The answer must be an exact copy of the lines from the one containing "Apartment, 2 Bedrooms, Balcony | Pool" through the end of the records, with the pictures left out.

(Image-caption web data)
Start of Block

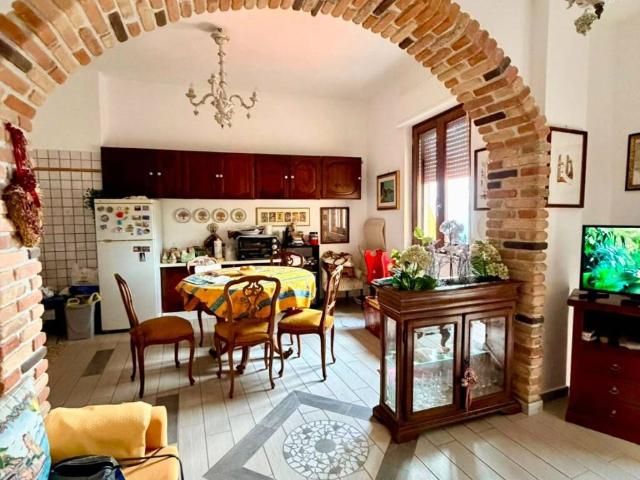 Appartamento in vendita a Sessa Cilento SA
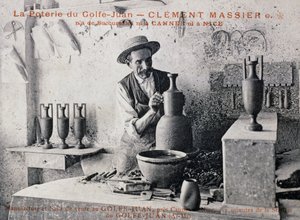 Postikortti, jossa Clement Massier (1844-1917), Poterie de Golf-Juanin mestari, työskennellyt studiossaan Ranskassa 1900-luvulla tekijältä William M. Timlin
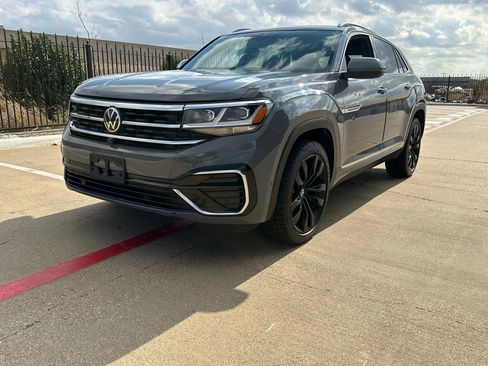 Used 2022 Volkswagen Atlas Cross Sport SEL Premium R-Line w/ Cross Sport MDO Package image 2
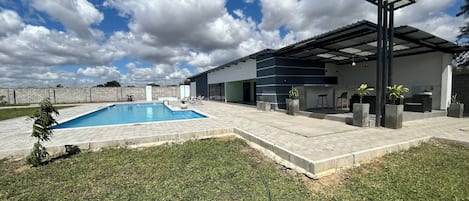 Apartment, 2 Bedrooms, Balcony | Pool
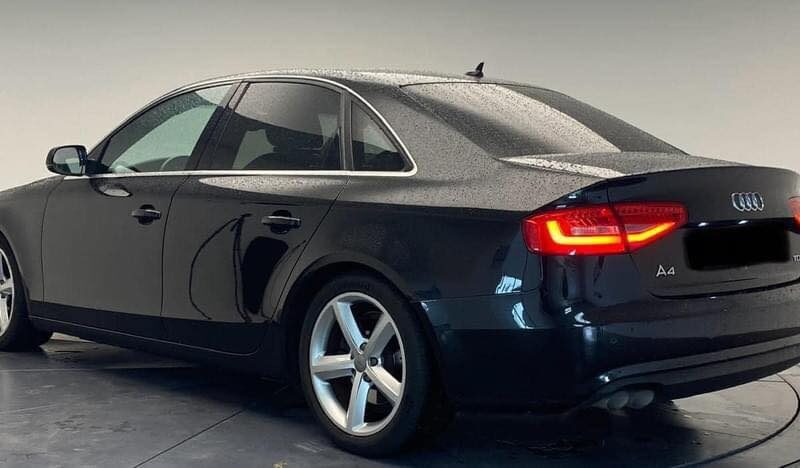 AUDI A4 2.0 TDI 143 ch - S line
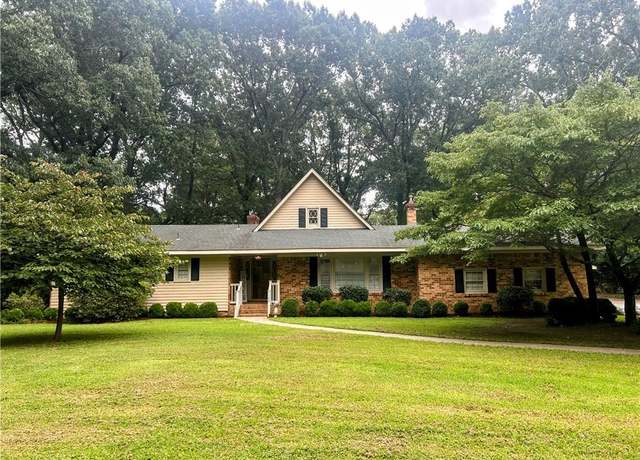 Property at 1108 Flobert Dr, Virginia Beach, VA 23464, 6 beds, 4 baths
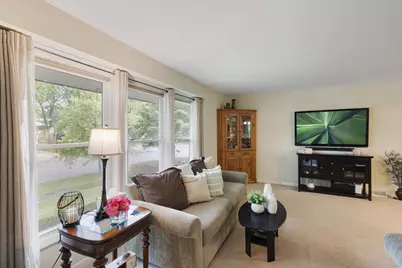 716 Dorchester Drive, Bolingbrook, IL 60440 - Photo 5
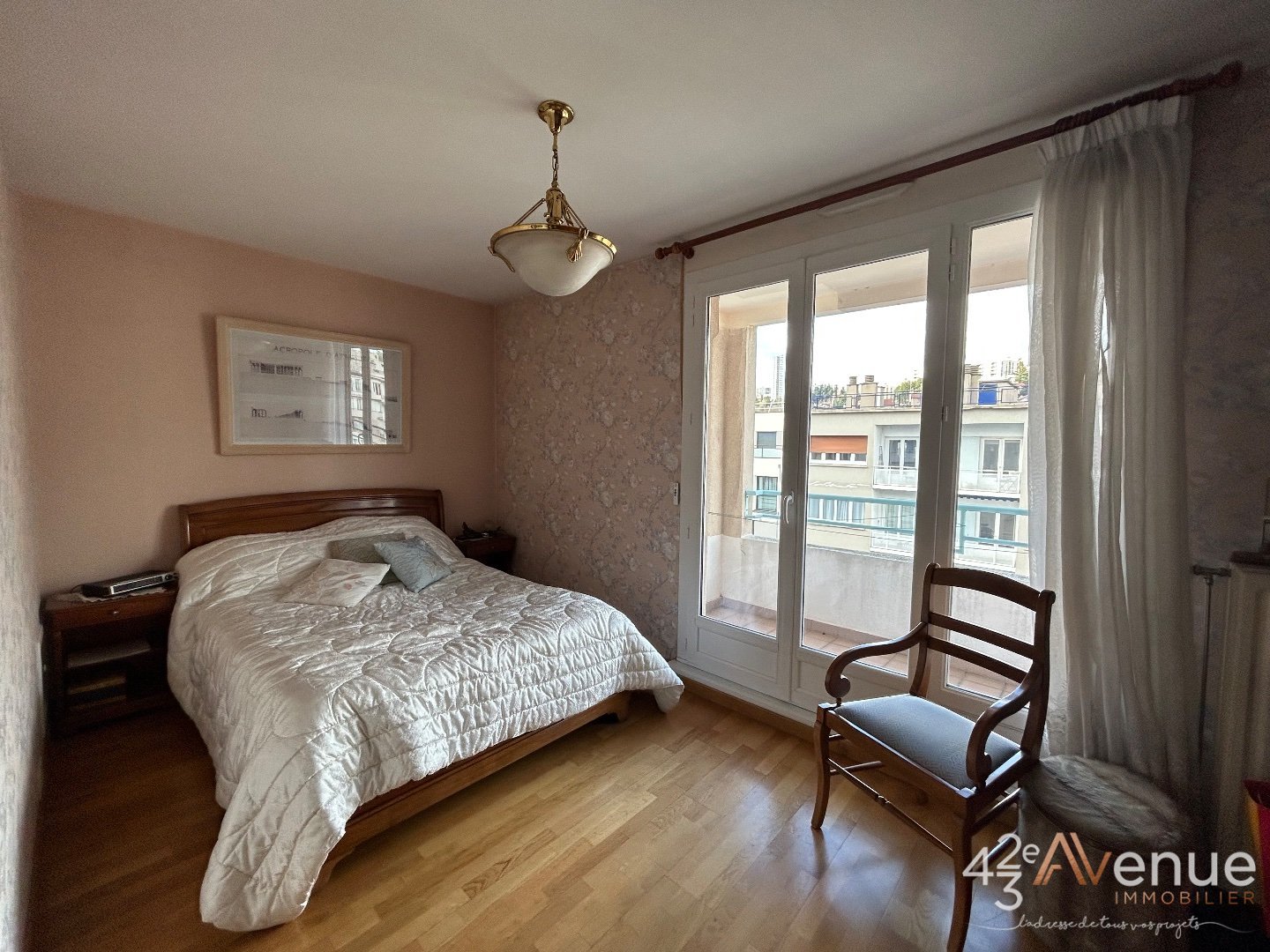 APPARTEMENT T5 - ST ETIENNE FACULTE   CENTRE DEUX - 105.7 m2 - 139000€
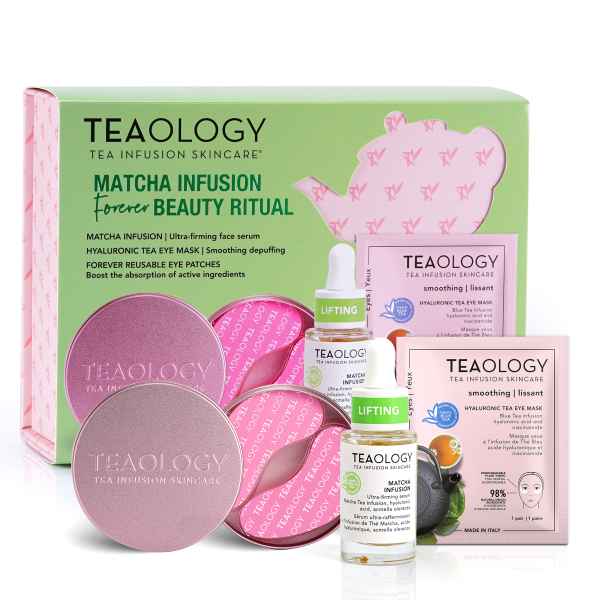 Tealogy Matcha Infusion Forever Beauty Ritual Set mit Augenmasken, Gesichtsserum und Gesichtsmaske vor grünem Hintergrund.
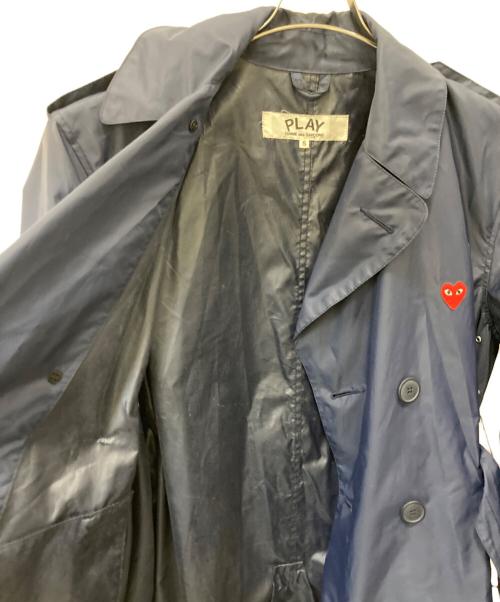 PLAY COMME des GARCONS（プレイコムデギャルソン）PLAY COMME des GARCONS (プレイコムデギャルソン) トレンチコート ネイビー サイズ:Sの古着・服飾アイテム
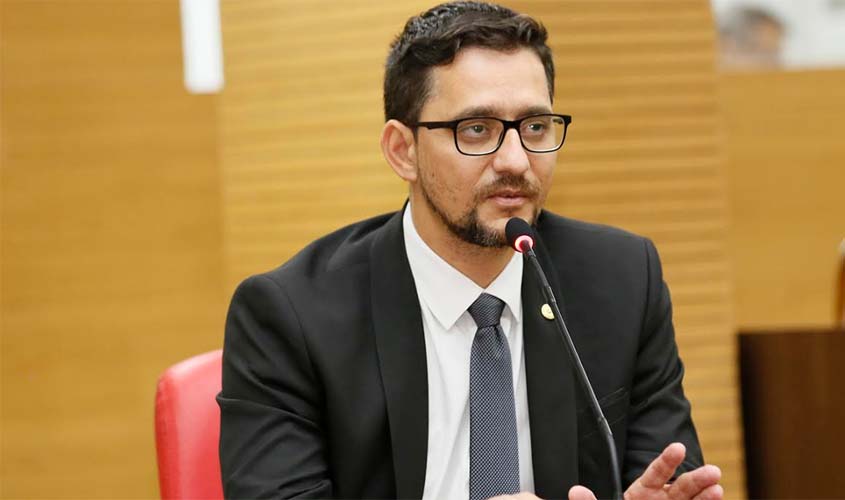 Anderson Pereira quer aumento no auxílio saúde dos servidores estaduais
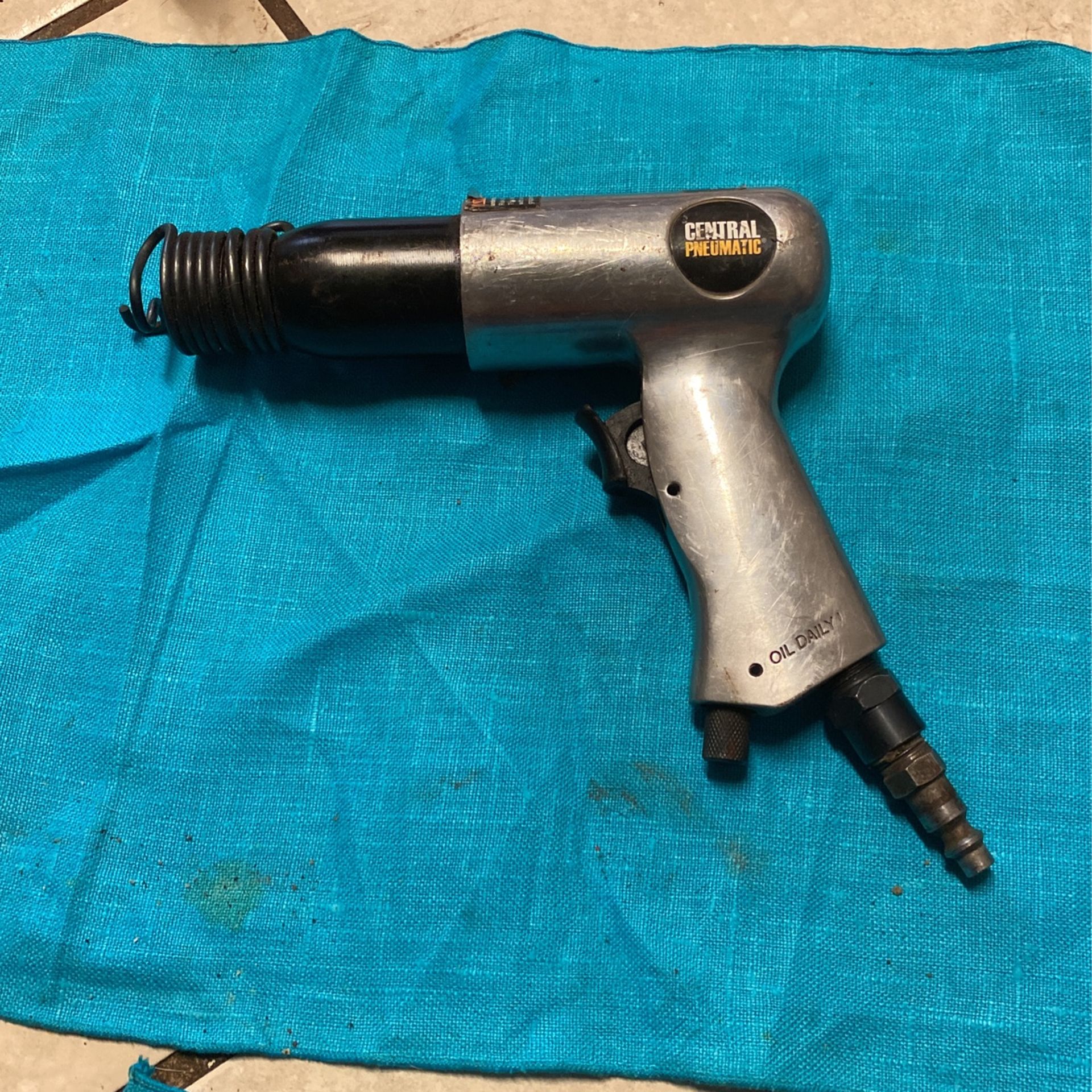 Central Pneumatic Air Hammer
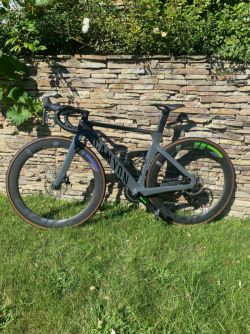 Canyon Aeroad CF SLX 8 AXS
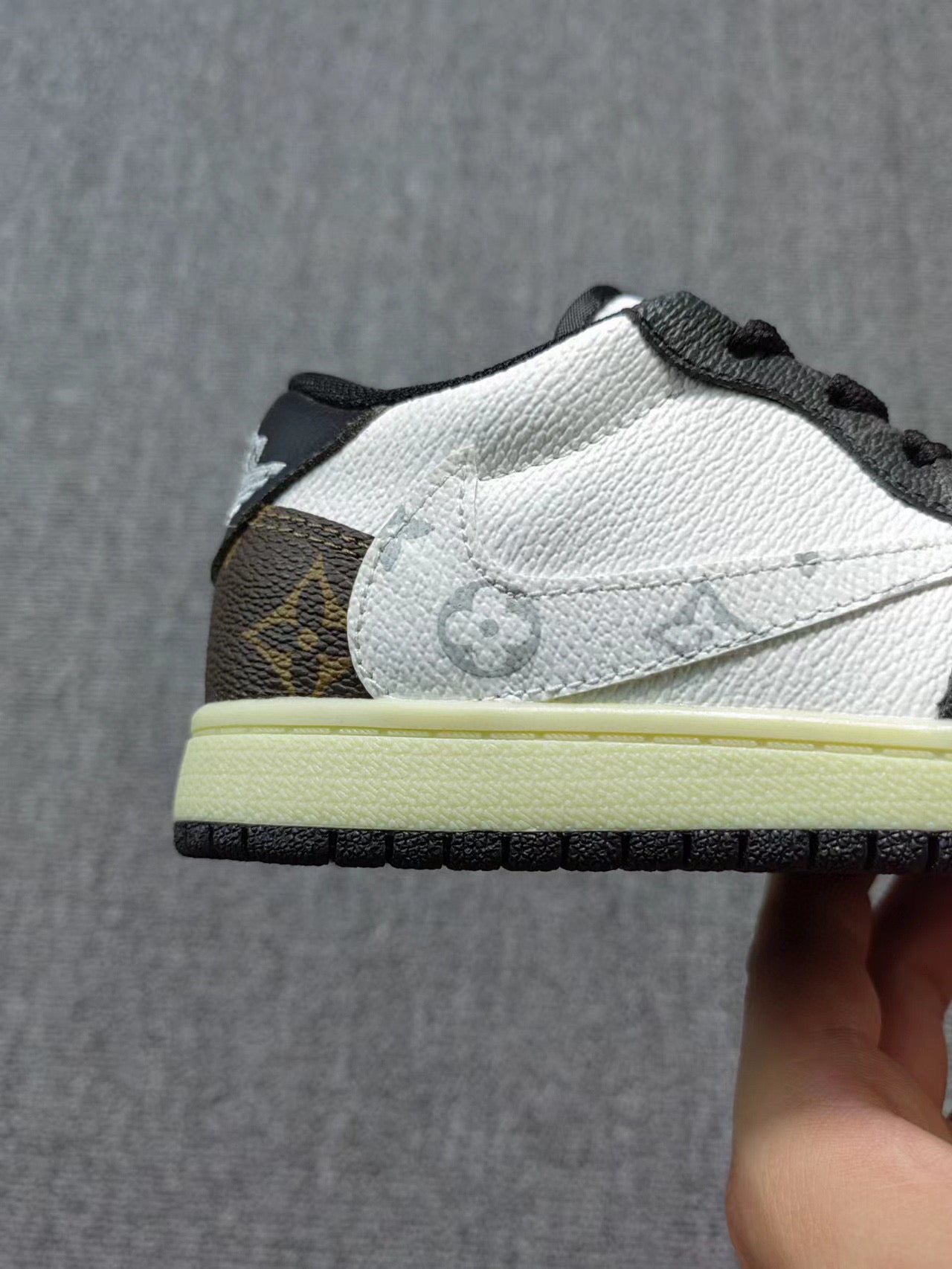 Joe 1 low-top hook LV joint sneakers "white, black"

End of Block

» Answer to this problem
 Apartment, 2 Bedrooms, Balcony | Pool
 AUDI A4 2.0 TDI 143 ch - S line
 Property at 1108 Flobert Dr, Virginia Beach, VA 23464, 6 beds, 4 baths
 716 Dorchester Drive, Bolingbrook, IL 60440 - Photo 5
 APPARTEMENT T5 - ST ETIENNE FACULTE   CENTRE DEUX - 105.7 m2 - 139000€
 Tealogy Matcha Infusion Forever Beauty Ritual Set mit Augenmasken, Gesichtsserum und Gesichtsmaske vor grünem Hintergrund.
 PLAY COMME des GARCONS（プレイコムデギャルソン）PLAY COMME des GARCONS (プレイコムデギャルソン) トレンチコート ネイビー サイズ:Sの古着・服飾アイテム
 Anderson Pereira quer aumento no auxílio saúde dos servidores estaduais
 Central Pneumatic Air Hammer
 Canyon Aeroad CF SLX 8 AXS
 Joe 1 low-top hook LV joint sneakers "white, black"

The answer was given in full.